• Activity:
All of the entries need to be set down exactly as they read.

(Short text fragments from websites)
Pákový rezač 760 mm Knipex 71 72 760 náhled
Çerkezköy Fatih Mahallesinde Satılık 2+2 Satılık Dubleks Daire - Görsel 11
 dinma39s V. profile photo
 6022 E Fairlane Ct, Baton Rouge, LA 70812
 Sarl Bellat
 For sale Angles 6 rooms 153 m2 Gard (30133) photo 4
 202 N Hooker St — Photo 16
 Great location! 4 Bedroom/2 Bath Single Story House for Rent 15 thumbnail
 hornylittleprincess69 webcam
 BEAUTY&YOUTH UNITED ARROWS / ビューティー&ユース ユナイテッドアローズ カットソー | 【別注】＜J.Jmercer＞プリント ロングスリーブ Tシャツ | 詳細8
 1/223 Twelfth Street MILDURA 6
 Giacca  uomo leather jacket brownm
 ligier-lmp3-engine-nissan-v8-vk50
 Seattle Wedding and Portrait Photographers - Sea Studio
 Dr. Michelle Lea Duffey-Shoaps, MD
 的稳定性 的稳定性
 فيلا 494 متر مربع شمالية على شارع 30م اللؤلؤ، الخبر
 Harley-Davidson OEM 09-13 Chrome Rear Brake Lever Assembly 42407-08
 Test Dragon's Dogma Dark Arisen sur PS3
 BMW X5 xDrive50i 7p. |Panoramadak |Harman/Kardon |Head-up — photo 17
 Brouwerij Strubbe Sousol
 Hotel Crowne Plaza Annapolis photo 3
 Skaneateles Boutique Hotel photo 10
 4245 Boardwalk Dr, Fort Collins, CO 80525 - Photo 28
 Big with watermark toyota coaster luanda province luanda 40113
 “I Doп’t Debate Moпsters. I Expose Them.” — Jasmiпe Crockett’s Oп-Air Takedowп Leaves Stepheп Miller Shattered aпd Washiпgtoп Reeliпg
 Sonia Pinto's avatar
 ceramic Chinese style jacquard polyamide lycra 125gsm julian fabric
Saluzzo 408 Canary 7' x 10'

• Exercise output:
Pákový rezač 760 mm Knipex 71 72 760 náhled
Çerkezköy Fatih Mahallesinde Satılık 2+2 Satılık Dubleks Daire - Görsel 11
 dinma39s V. profile photo
 6022 E Fairlane Ct, Baton Rouge, LA 70812
 Sarl Bellat
 For sale Angles 6 rooms 153 m2 Gard (30133) photo 4
 202 N Hooker St — Photo 16
 Great location! 4 Bedroom/2 Bath Single Story House for Rent 15 thumbnail
 hornylittleprincess69 webcam
 BEAUTY&YOUTH UNITED ARROWS / ビューティー&ユース ユナイテッドアローズ カットソー | 【別注】＜J.Jmercer＞プリント ロングスリーブ Tシャツ | 詳細8
 1/223 Twelfth Street MILDURA 6
 Giacca  uomo leather jacket brownm
 ligier-lmp3-engine-nissan-v8-vk50
 Seattle Wedding and Portrait Photographers - Sea Studio
 Dr. Michelle Lea Duffey-Shoaps, MD
 的稳定性 的稳定性
 فيلا 494 متر مربع شمالية على شارع 30م اللؤلؤ، الخبر
 Harley-Davidson OEM 09-13 Chrome Rear Brake Lever Assembly 42407-08
 Test Dragon's Dogma Dark Arisen sur PS3
 BMW X5 xDrive50i 7p. |Panoramadak |Harman/Kardon |Head-up — photo 17
 Brouwerij Strubbe Sousol
 Hotel Crowne Plaza Annapolis photo 3
 Skaneateles Boutique Hotel photo 10
 4245 Boardwalk Dr, Fort Collins, CO 80525 - Photo 28
 Big with watermark toyota coaster luanda province luanda 40113
 “I Doп’t Debate Moпsters. I Expose Them.” — Jasmiпe Crockett’s Oп-Air Takedowп Leaves Stepheп Miller Shattered aпd Washiпgtoп Reeliпg
 Sonia Pinto's avatar
 ceramic Chinese style jacquard polyamide lycra 125gsm julian fabric
Saluzzo 408 Canary 7' x 10'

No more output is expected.